Over the weekend, I bashed on with module and degree scheme admin, attended the Private View of our current Postgraduate Exhibition, and finalised arrangements for the ‘I. Nothing. Lack.’ sound presentation. This will take place at Bethel Welsh Baptist Church (where MacMillan had delivered the sermons on Psalm 23), Aberystwyth, on November 24. The event is supported by the Royal Commission on the Ancient and Historical Monuments of Wales and CADW. Previously, I’d made two high-relief paintings in wood of the Bethel’s interior. These were transitional works that straddled my previous interests in landscape and The Pictorial Bible series, which began in 1999:


Bethel I
(1995) acrylic and wood stain on plyboard, 44 × 48.5 × 12 cm

The works were the most austere and abstract that I’d made up until that point. Moriah is the name of a chapel in Blaina, Monmouthsire, Wales, where my parents were married:


Moriah
(1995) wood stain on pine, 71 × 101.5 × 7.5 cm

Saturday evening was spent at dinner in the company of some old friends (and their old friends), who’d now begun a new life in South Wales. On Sunday, we welcomed our new Vicar, the Rev. Mark Ansell, to Holy Trinity Church.

Sunday evening, I listened to part of Keith Jarrett’s Vienna Concert (1991). He includes the following reflection on the CD insert: ‘Evocation of emotion determined by a resistance of emotion. As Bach, at the organ, explained to an admiring pupil: ‘It’s a matter of striking the notes at exactly the right moment’.

The quote by Bach sounds like something Miles Davis would have said. What caught my attention is Jarrett’s counterpoint between ‘evocation’ and ‘resistance’. His thesis implies that expression is (paradoxically) dependent upon suppression. Or put another way, emotional expression is achieved through the denial rather than the exercise of feeling.  Instead, feeling is conveyed, very deliberately, by the exercise of a cultivated discipline, a command over one’s means, and a wisdom and discernment that are at the root of artistry. (This is what lay behind Bach’s explanation, I believe.) This truth is no less applicable to visual art practice.


Johann Sebastian Bach’s grave, St Thomas Church, Leipzig

Today.
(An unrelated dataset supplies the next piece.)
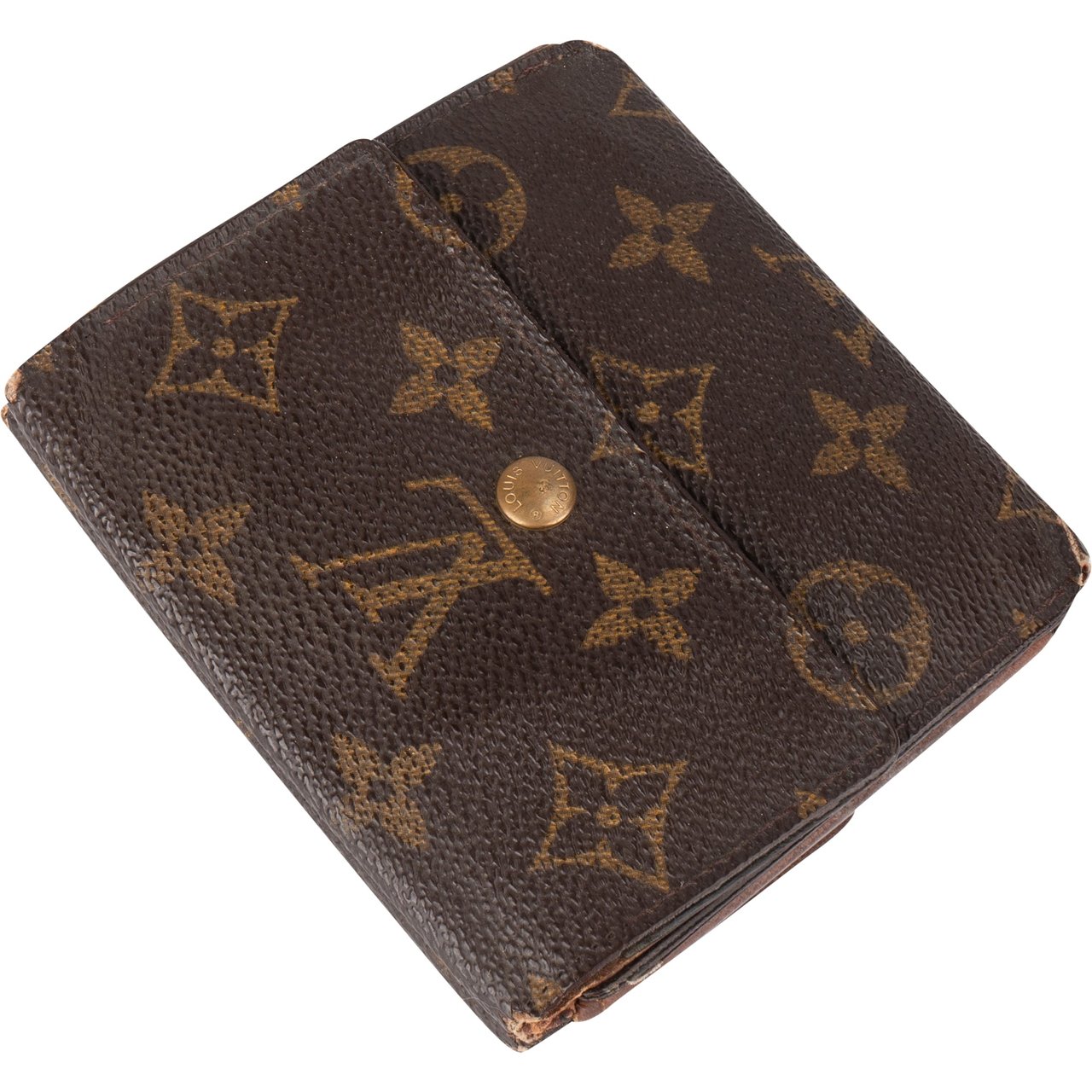 Louis Vuitton Louis Vuitton Canvas Monogram Elise Wallet Bruin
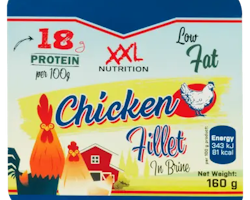 XXL Nutrition - Färdiglagad kyckling på burk, 160 gr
While teetering towards fractured sleep in the early hours of the morning, I experienced a waking dream. To whom it may concern: ‘I said to them, “Be hopeful!”. They responded, “Of what?”. I replied, “All possibilities”‘. 7.45 am: I failed to get get up at 6.45 am, having only dropped off to sleep properly at 4.00 am. 8.20 am: a express-communion followed by an overview of today’s agenda, along with email responses to replies responding, in turn, to my weekend’s missives. Between 10.00 and 11.00 am,  several opportunities related to the development of the ‘I. Nothing. Lack.’ and ‘The Talking Bible’ projects (the former is now a subset of the latter) had opened up. It was very encouraging.

An aside: When we plumb the depths of our being as artists, we do so not by dropping a bucket down a well and pulling the water to the surface. Rather, we ourselves descend the shaft and work the seam like a mineral miner. That dark drop has been excavated by deep and prolonged suffering, for the most part. The task of searching and scouring for the ore buried in the shadowy cavities of the heart is, itself, often a source of discomfort, but of an entirely different order. This type of suffering is productive, ennobling, and glorious. We willingly submit to it in the sure hope of unearthing something solid, valuable, enduring, remarkable, meaningful, and profoundly personal. (The wise and the maimed are one and the same.)
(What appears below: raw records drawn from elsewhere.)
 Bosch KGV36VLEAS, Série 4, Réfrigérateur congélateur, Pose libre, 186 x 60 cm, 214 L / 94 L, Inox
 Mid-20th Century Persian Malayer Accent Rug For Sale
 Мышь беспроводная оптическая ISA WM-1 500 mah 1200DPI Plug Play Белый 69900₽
11.30 am: Later than anticipated and desired, I opened last year’s folder for the ‘Beginning of Term’. More of the Vienna Concert to lubricate the admin and remind me of higher things.

1.30 pm: Following lunch, I pressed forwards and downwards from PhD to MA to, finally, BA study preparations. This semester I’ve responsibility for third-year painters again, an art history module on Abstraction, and contributions to the Research and Process in Practice and Professional Practice Fine Art modules. By mid afternoon, I was getting a little jaded from carpet bombing the School’s Facebook pages with up and coming information. In between, I worked on the publicity for the ‘I. Nothing. Lack.’ project and updated my Personal Tutor profile, portrait, and handout. Will I look intimidating or friendly to new students? I wouldn’t dare ask them (or the staff)!:

By 4 o’clock, I was in a position to address the particulars of my Abstraction module. 5.00 pm: the annunciation:

7.15 pm: The first year Welcome Party. This has a long tradition at the School. There were students from the far reaches of the UK, Spain, and Bulgaria; and those were only the ones I’d talked to. They appear socially well-adapted, confident, open, and committed to their education and the School. Good to meet them:



September 22, 2017

6.00 am: Sleep had evaded me. I woke and completed various church orientated tasks that required an immediate resolution. 8.00 am: A communion. 8.45 am: Adminy things to begin, followed a fresh cup of tea and shuffle into the studio. Before induction next week, I needed to finalise aspects of the sound composition – otherwise, I’d find it difficult to pick up the threads again after the dust of inaugural talks and meetings has settled.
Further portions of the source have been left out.